- Task brief
Nothing outside the range is wanted. Repeat exactly the lines below from the one with "1712 Center Carleton" through the one with "Harvesters (6) Figure Set".

- Recorded information
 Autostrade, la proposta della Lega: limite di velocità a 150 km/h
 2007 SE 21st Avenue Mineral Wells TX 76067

* * *

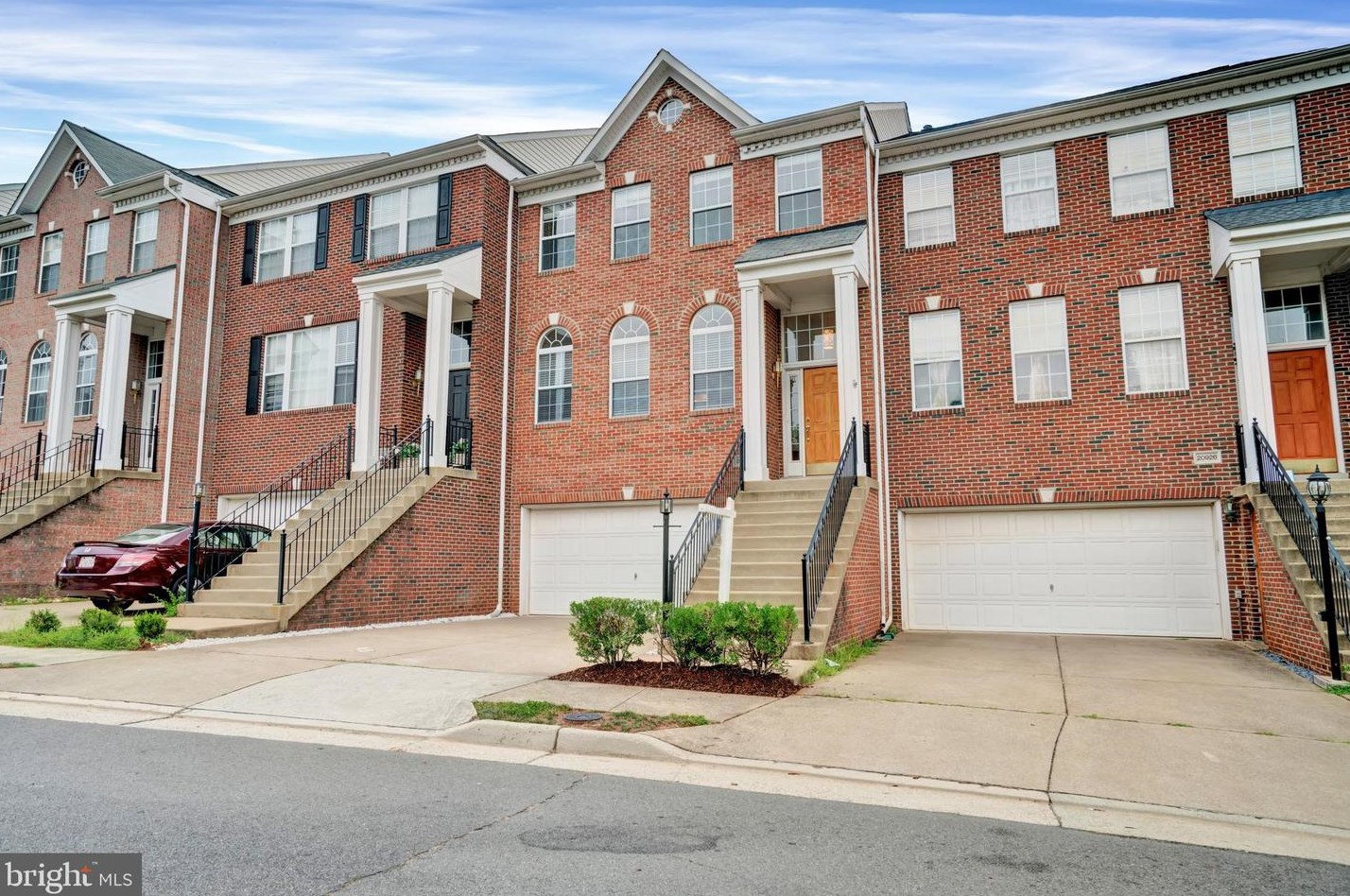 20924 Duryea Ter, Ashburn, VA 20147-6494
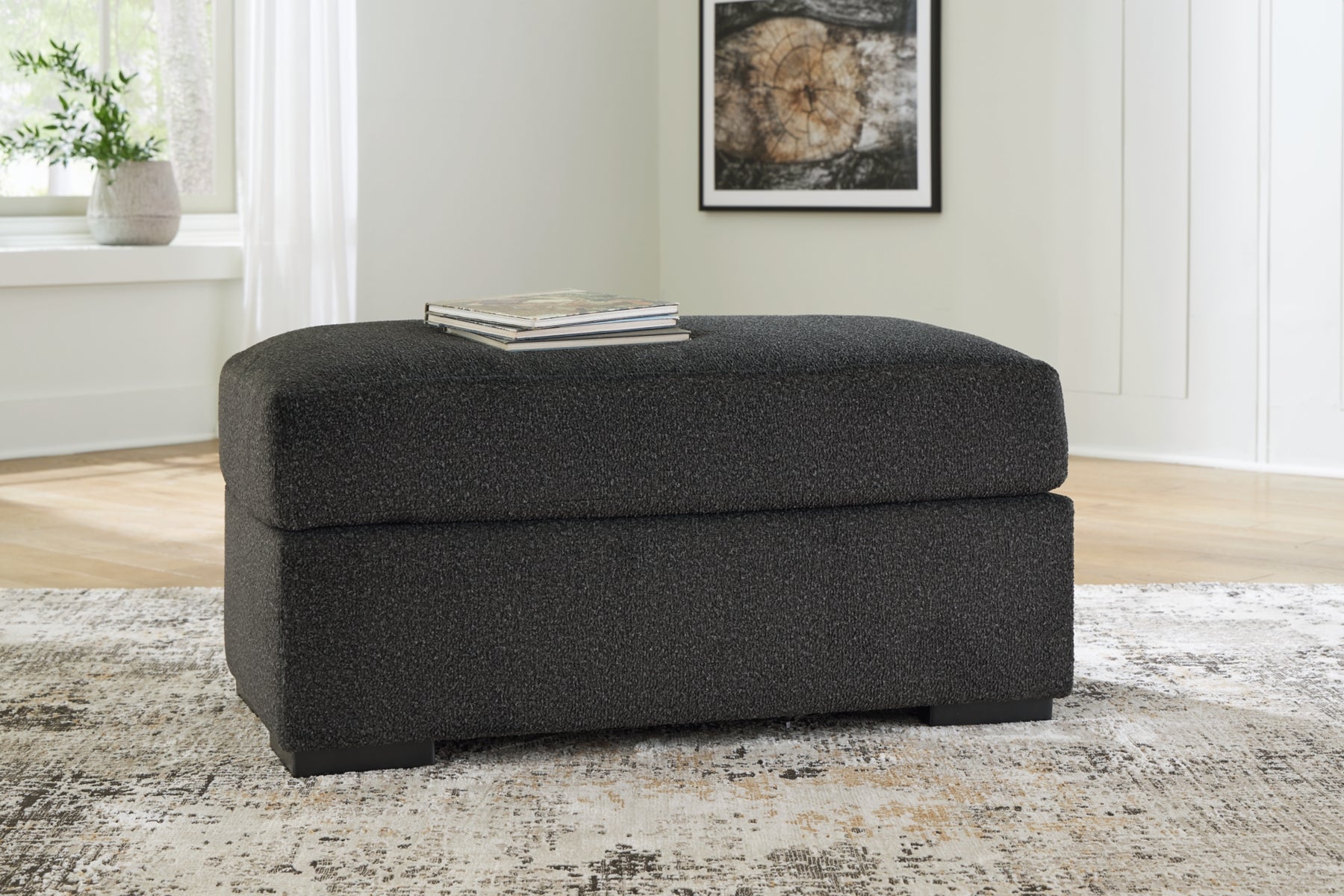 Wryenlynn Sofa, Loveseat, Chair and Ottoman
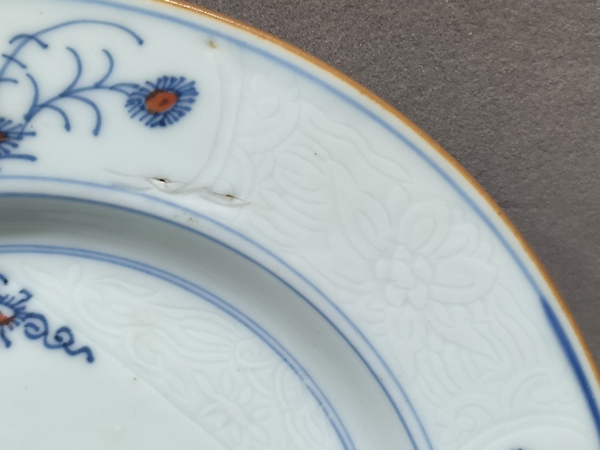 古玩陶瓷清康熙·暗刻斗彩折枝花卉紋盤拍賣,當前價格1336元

* * *

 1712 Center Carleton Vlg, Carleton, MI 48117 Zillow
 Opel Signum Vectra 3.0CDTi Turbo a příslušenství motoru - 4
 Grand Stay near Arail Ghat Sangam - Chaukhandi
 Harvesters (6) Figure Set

- Answer for the task
 1712 Center Carleton Vlg, Carleton, MI 48117 Zillow
 Opel Signum Vectra 3.0CDTi Turbo a příslušenství motoru - 4
 Grand Stay near Arail Ghat Sangam - Chaukhandi
 Harvesters (6) Figure Set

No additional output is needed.